# How many grams of oxygen are needed to produce .60 liters of carbon dioxide at stp?

Feb 21, 2018

Well, of course, we need to define $\text{STP}$....

#### Explanation:

...which is hard these days, because the professional bodies have conspired to make the definitions as confusing and as inaccessible as possible.

IUPAC specifies a temperature of $273.15 \cdot K$, and a pressure of $0.987 \cdot a t m$...and under these conditions ONE mole of ideal gas expresses a volume of $22.4 \cdot L$...

And so if we gots the combustion reaction....
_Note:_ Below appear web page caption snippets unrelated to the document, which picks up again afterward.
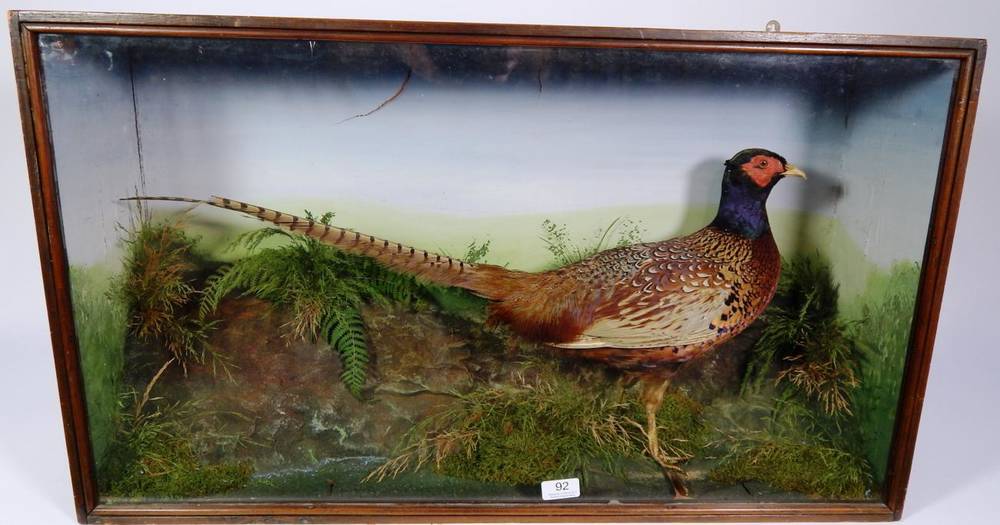 Lot 92 - Taxidermy: A Cased Ring-necked Pheasant (Phasianus colchicus), circa 1900, full mount cock bird...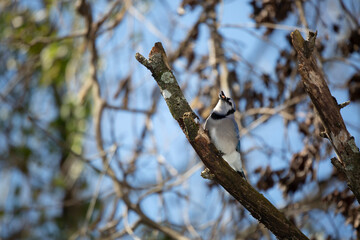 Blue Jay Swallowing a Snack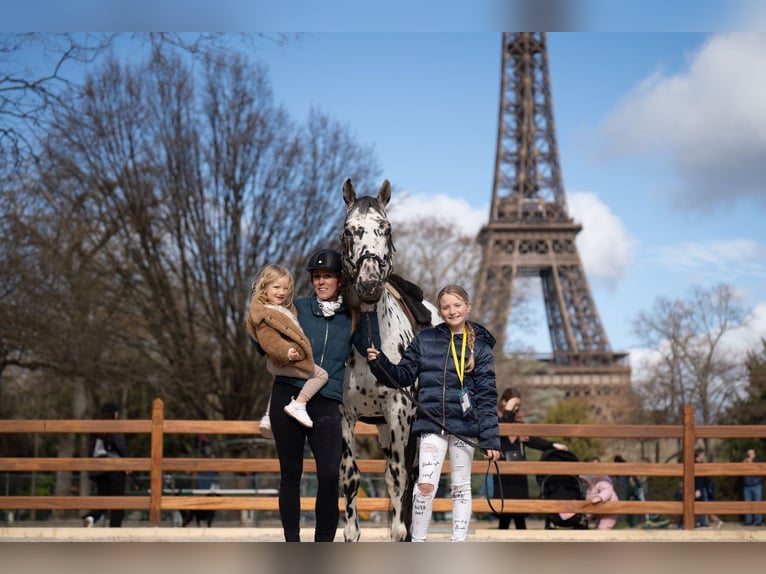 Appaloosa Mix Hengst in Kootwijkerbroek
$C \left(s\right) + {O}_{2} \left(g\right) \rightarrow C {O}_{2} \left(g\right)$...I need an equiv quantity of dioxygen gas if $0.60 \cdot L$ carbon dioxide are evolved....(take that atmosphere!)..

And so $\text{moles of dioxygen gas} \equiv \frac{0.60 \cdot L}{22.4 \cdot L \cdot m o {l}^{-} 1} = 0.027 \cdot m o l$, i.e. a mass of $0.027 \cdot m o l \times 32.00 \cdot g \cdot m o {l}^{-} 1 = 0.86 \cdot g$.
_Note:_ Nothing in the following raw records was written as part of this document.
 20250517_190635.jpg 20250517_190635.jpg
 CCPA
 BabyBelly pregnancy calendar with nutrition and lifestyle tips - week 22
When you sit an exam, the standard that you use, including the molar volume, should be printed as supplementary material.

Feb 21, 2018

You need 0.86 grams of oxygen to produce 0.60 liters of carbon dioxide at STP.

#### Explanation:

Oxygen has a molar mass of 16.00 g/mol. One mole of CO2 contains 32.00 grams of oxygen.

One mole equals 22.4L at standard temperature and pressure.

0.60L CO2 equals 0.0268 mol at STP.

(32g O) x (0.0268 mol) = 0.8576 g O